→ **Your objective**
Your answer needs to include each line of the records in which the string "Photo" can be found.

→ **Listed records**

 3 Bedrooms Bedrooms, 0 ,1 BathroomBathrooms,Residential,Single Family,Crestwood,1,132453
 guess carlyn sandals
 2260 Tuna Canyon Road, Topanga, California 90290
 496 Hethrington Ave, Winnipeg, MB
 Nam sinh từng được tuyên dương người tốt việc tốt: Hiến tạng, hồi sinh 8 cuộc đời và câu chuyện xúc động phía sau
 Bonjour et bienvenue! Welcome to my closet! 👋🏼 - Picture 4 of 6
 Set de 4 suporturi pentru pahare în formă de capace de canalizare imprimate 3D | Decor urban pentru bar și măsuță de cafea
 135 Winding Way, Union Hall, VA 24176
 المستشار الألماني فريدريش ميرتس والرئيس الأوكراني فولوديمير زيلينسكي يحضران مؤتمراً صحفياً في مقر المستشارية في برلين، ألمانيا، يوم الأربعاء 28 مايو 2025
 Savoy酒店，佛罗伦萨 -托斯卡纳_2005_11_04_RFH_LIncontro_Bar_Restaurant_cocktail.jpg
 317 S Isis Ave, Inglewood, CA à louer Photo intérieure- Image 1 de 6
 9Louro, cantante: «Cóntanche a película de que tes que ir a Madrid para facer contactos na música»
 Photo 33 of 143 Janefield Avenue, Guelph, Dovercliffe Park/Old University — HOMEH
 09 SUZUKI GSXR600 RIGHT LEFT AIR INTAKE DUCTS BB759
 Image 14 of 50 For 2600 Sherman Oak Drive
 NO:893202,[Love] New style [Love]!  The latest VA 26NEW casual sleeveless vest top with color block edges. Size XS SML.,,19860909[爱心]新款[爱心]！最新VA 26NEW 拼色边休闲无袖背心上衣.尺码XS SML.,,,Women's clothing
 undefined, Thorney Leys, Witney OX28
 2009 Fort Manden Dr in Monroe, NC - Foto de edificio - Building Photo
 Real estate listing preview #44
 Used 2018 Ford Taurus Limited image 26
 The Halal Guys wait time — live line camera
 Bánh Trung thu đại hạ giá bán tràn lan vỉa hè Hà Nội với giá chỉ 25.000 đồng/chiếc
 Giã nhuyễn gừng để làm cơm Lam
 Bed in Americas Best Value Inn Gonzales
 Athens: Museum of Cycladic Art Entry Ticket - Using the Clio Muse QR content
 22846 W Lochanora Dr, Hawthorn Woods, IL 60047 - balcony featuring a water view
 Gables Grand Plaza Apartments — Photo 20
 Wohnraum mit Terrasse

→ **Task solution**
 317 S Isis Ave, Inglewood, CA à louer Photo intérieure- Image 1 de 6
 Photo 33 of 143 Janefield Avenue, Guelph, Dovercliffe Park/Old University — HOMEH
 2009 Fort Manden Dr in Monroe, NC - Foto de edificio - Building Photo
 Gables Grand Plaza Apartments — Photo 20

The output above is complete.